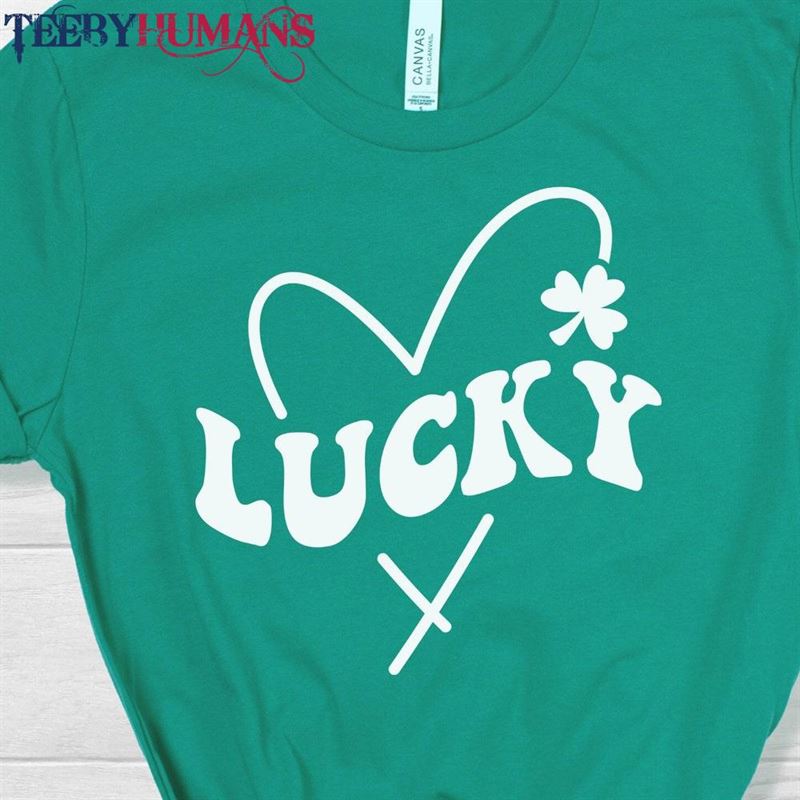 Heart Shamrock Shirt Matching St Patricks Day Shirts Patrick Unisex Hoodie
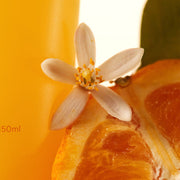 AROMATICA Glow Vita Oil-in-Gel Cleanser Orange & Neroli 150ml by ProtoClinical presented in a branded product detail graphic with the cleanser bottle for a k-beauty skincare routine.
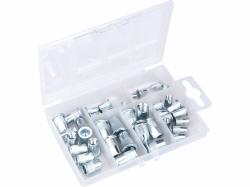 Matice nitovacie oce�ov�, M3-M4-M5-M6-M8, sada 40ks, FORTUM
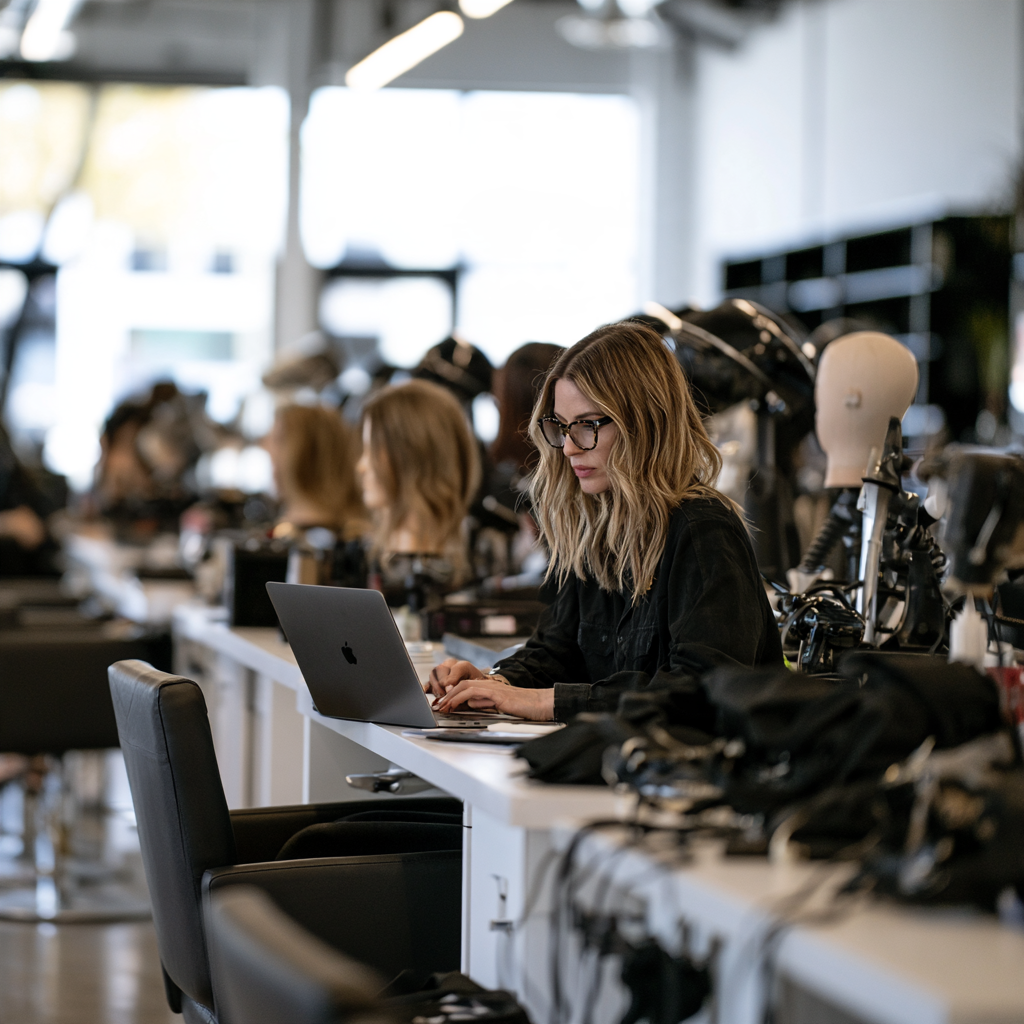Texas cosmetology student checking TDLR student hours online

--

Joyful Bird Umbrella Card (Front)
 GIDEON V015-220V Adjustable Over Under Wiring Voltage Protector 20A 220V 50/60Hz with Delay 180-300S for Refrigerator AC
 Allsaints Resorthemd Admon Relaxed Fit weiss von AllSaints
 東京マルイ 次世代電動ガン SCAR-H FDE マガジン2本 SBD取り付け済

--

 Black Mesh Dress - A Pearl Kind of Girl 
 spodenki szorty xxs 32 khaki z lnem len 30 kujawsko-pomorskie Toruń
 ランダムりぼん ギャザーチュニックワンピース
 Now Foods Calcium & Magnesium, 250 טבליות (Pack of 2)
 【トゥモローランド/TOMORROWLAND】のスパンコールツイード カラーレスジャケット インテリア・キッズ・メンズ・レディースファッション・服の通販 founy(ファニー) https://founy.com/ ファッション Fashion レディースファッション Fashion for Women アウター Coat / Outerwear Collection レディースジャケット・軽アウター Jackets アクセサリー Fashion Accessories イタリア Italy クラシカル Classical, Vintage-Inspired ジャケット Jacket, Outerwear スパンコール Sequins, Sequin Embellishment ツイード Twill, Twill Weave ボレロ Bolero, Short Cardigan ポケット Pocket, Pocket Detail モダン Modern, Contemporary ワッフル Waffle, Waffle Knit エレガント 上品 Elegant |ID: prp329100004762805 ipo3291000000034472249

• [What you will do]: Exactly the lines above, from the one containing "Heart Shamrock Shirt" down to the one containing "Texas cosmetology student", are to be repeated, including both ends. Pictures are not part of the copy.

• [Problem solution]:
 Heart Shamrock Shirt Matching St Patricks Day Shirts Patrick Unisex Hoodie
 AROMATICA Glow Vita Oil-in-Gel Cleanser Orange & Neroli 150ml by ProtoClinical presented in a branded product detail graphic with the cleanser bottle for a k-beauty skincare routine.
 Matice nitovacie oce�ov�, M3-M4-M5-M6-M8, sada 40ks, FORTUM
Texas cosmetology student checking TDLR student hours online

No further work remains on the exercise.